◆ To do
Reproduce each line of the material exactly, minus any picture.

◆ Provided data
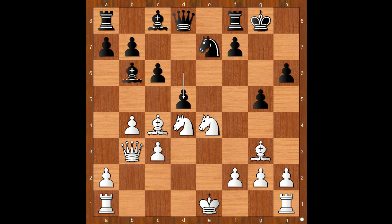White to move. How would you continue? Henry Byrd played knight to f6, check. King to g7. Knight to h5, check. King to g6 — attacking the knight.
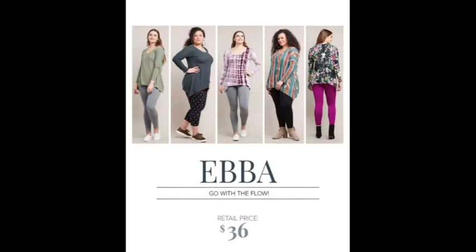It's shopping time with Julie at Moon Jules Fashion Boutique.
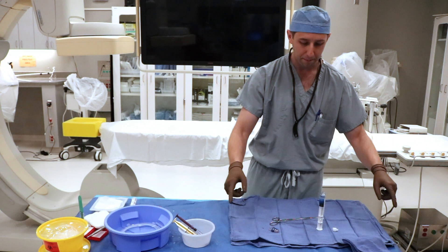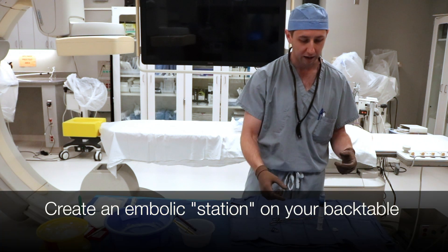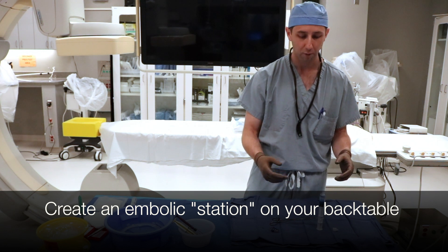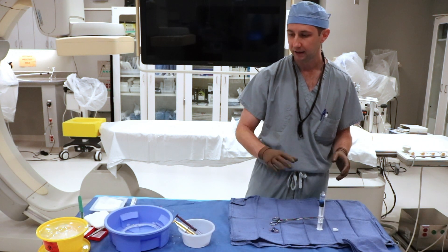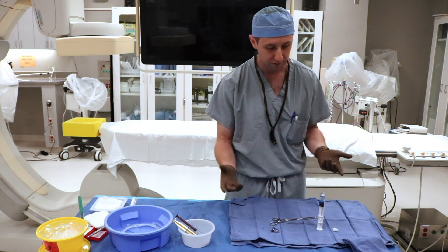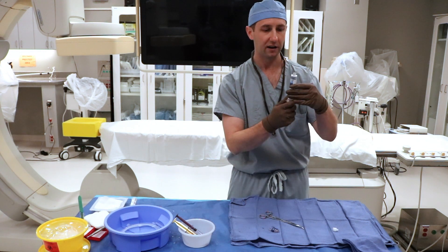One thing I should mention is I have a little embolic towel — I'll set aside a towel for embolic that'll have a little bit of contrast, some saline, and all the syringes I'm going to use for my embolic. That way my embolic station has all the stuff we use for embolic in terms of flushes and contrast, and you have a whole separate station for your diagnostic angiography. I'm going to be mixing between the two just for simplicity.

◆ Output of the task
White to move. How would you continue? Henry Byrd played knight to f6, check. King to g7. Knight to h5, check. King to g6 — attacking the knight.
It's shopping time with Julie at Moon Jules Fashion Boutique.
One thing I should mention is I have a little embolic towel — I'll set aside a towel for embolic that'll have a little bit of contrast, some saline, and all the syringes I'm going to use for my embolic. That way my embolic station has all the stuff we use for embolic in terms of flushes and contrast, and you have a whole separate station for your diagnostic angiography. I'm going to be mixing between the two just for simplicity.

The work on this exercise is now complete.